И еще одно чувство преследовало: так хорошо долго не может продолжаться. Вот-вот все это рассыплется, оборвется.

Потом это прошло. Не сразу. И тут, как ни странно, немалую роль сыграли наши дворняги.

Для них настолько естественно было то, что творится вокруг, они настолько не удивлялись тому, что мы тут живем, когда в поселке уже никто не живет, они с такой уверенностью ломились по утрам в наши двери, ни на секунду, видимо, не допуская мысли, что мы можем, например, сбежать, они с такой простотой и безусловностью включили наше житье-бытье в свое собачье житье-бытье, что, ей-богу, совестно было, как ни смешно это звучит, да и стыдно было выглядеть в их глазах по-иному.

«Они тут живут… — думали о нас псы. — Чего может быть проще?»

Мы тут живем — решили и мы.
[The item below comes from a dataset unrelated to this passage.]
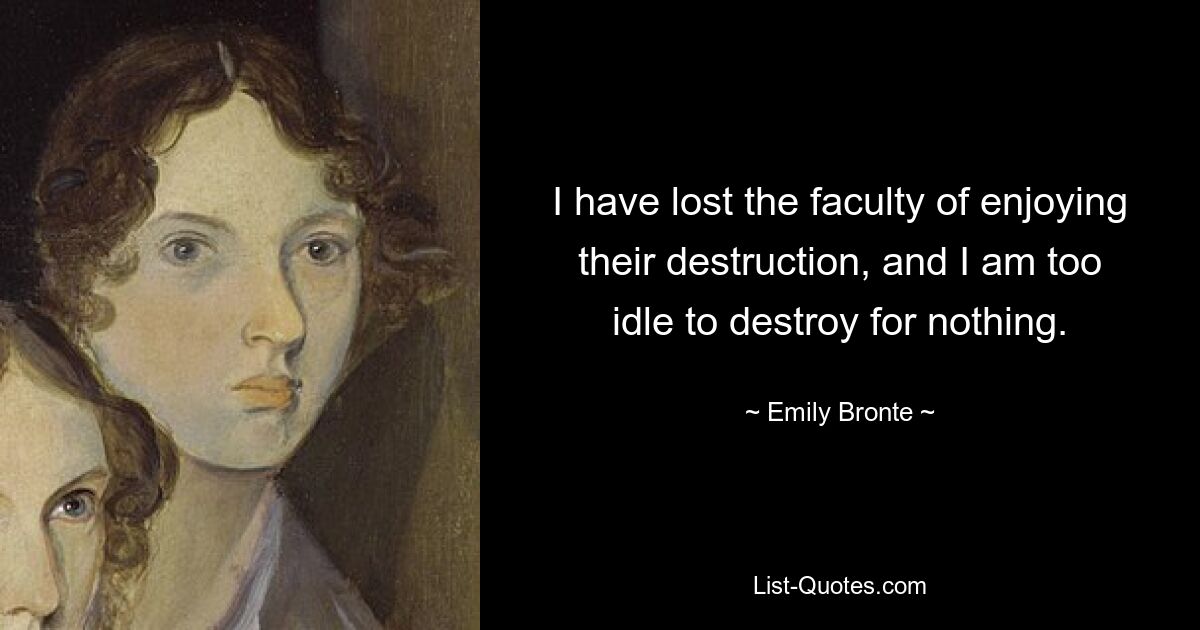 I have lost the faculty of enjoying their destruction, and I am too idle to destroy for nothing. — © Emily Bronte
И что, действительно, могло быть проще сказано в оправдание этой нашей незаслуженно райской жизни?

Правда, иной раз мне казалось, что Джек с Братишкой посматривают на нас несколько иронически. Особенно в первое время когда чуть ли не ежеминутно мы по-городскому ахали, не в силах сдержаться, при виде, например, какого-нибудь факельно пламенеющего клена на фоне мрачно-зеленого, почти погребального бархата еловой хвои, или — при виде заката, который вдруг в единое неуловимое мгновение окатывает небеса тончайшим, бледнейшим, нежнейшим малиновым отсветом, или… Да мало ли по каким поводам мы ахали, охали и эхали в ту первоначальную пору осени?

Мы впервые оказались с осенью вот так — лицом к лицу. Не поодаль, а словно бы внутри нее.
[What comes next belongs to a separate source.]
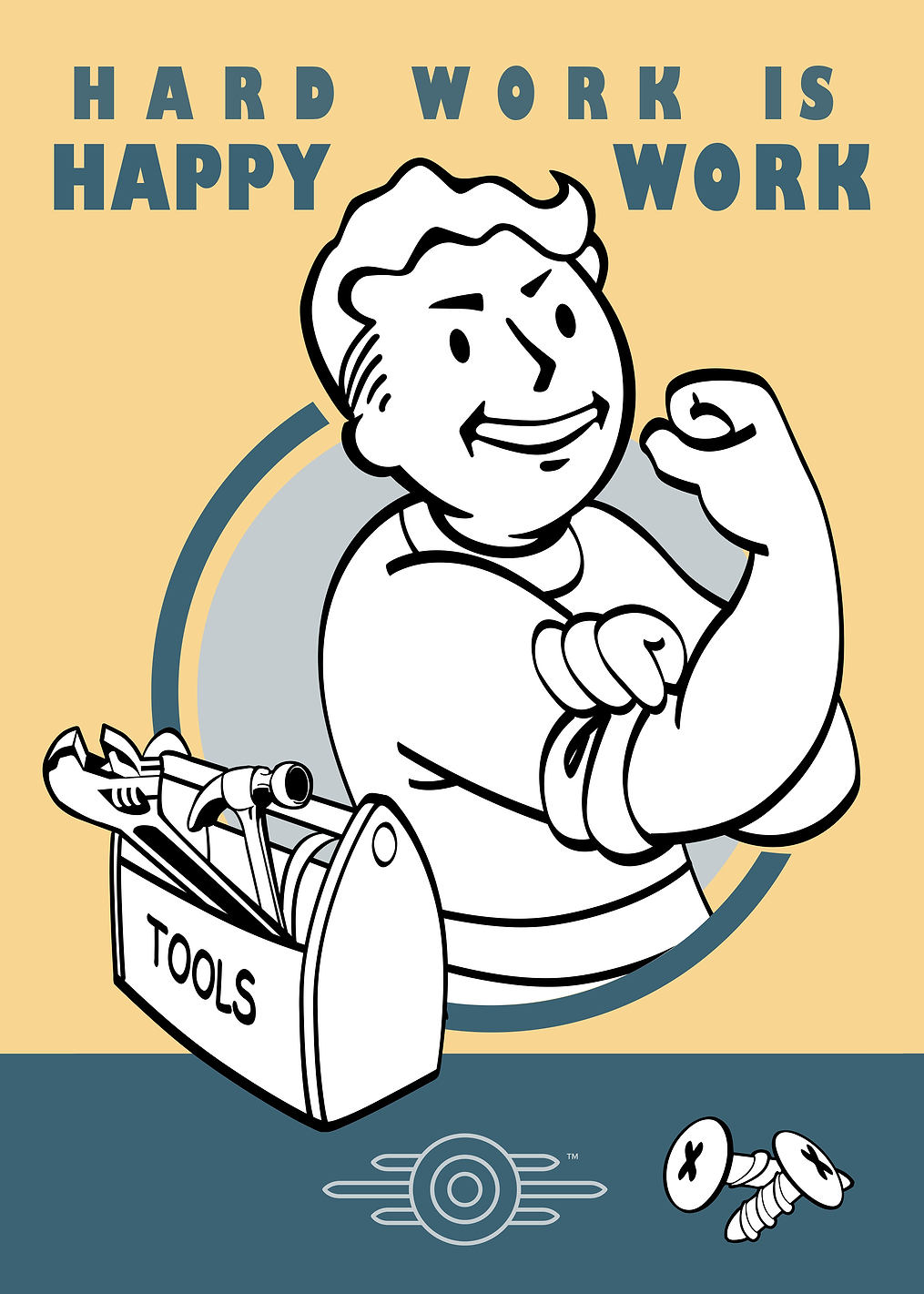 Hard Work Happy Work: постер из коллекции Fallout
Впервые осень разворачивалась — вокруг нас. Творила свои грустные чудеса — вокруг нас. И мы жили тогда, смешное сравнение, словно на цыпочках, словно бы крадучись. Так неправдоподобно было хорошо, так тихо все было, что боязно было каким-то слепым словом, неосторожным жестом что-либо нарушить в этом хрупко и тонко организованном ходе вещей и событий.

Это уж потом, как сказано, мы обрели достоинство. Стали просто жить. Стали просто молча глядеть, боясь отвести глаза. Иногда только вздыхали друг другу: «Хорошо…»
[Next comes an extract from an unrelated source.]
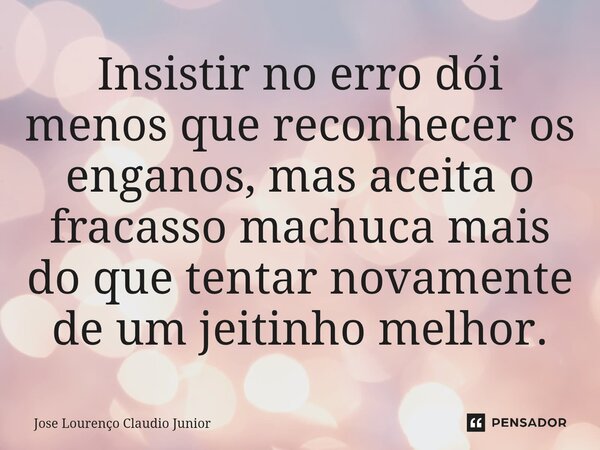 ⁠Insistir no erro dói menos que reconhecer os enganos, mas aceita o fracasso machuca mais do que tentar novamente de um jeitinho melhor.... Frase de Jose Lourenço Claudio Junior.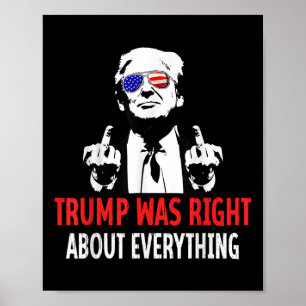 Trump Was Right About Everything Usa American Flag Poster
А в тот год, действительно, была какая-то необыкновенная осень.

Что ни вечер, по телевизору выступали с прогнозами погоды не очень на вид научные сотрудники Гидрометцентра, водили указками по мутно-дымным фотографиям, сделанным из космоса, и задумчиво говорили, что подобной осени не упомнят даже долгожители.

Почти не было дождей. Тех самых, которых мы так тоскливо ждали и боялись — монотонных, холодных, заунывно льющих неделями.

Было много солнца, рассеянно-ласкового и тихого. Много спокойной, благородной, опрятной голубизны в небесах. Эта чуть блеклая тишайшая голубизна стала как бы фоном, на котором текла наша монотонно-сказочная здешняя жизнь.

Ребенок должен был родиться ранней весной, и нам несказанное счастье было чувствовать, что он растет в такой вот золотисто-голубой тиши, в покое и, наверное, чувствует это.

Было много простора. Во все концы. Это ощущение, ужасно странное, не покидало нас даже в самых глухих чащобах, куда мы забредали в поисках грибов.

А грибов в ту осень уродилось тьма.

В августе, в начале сентября мы брали обычные для Подмосковья крохи: сколько-то сыроежек, десяток свинушек, пяток моховичков.

Но вот народ разъехался, и где-то в середине сентября грибной бог вдруг щедро тряхнул мошной.

Словно бы грибные взрывы стали сотрясать лес. Сначала — свинушечий взрыв. Недели две нежно-бежевые, крепенькие, будто аккуратненько отлитые в каких-то формочках свинушки повергали нас в жадный веселый азарт. Их мы уносили из леса столько, сколько могли унести. Затем, как по команде сверху, они в один день исчезли. Даже червивые перестали попадаться.

На смену свинушкам разрозненными полчищами пошли польские…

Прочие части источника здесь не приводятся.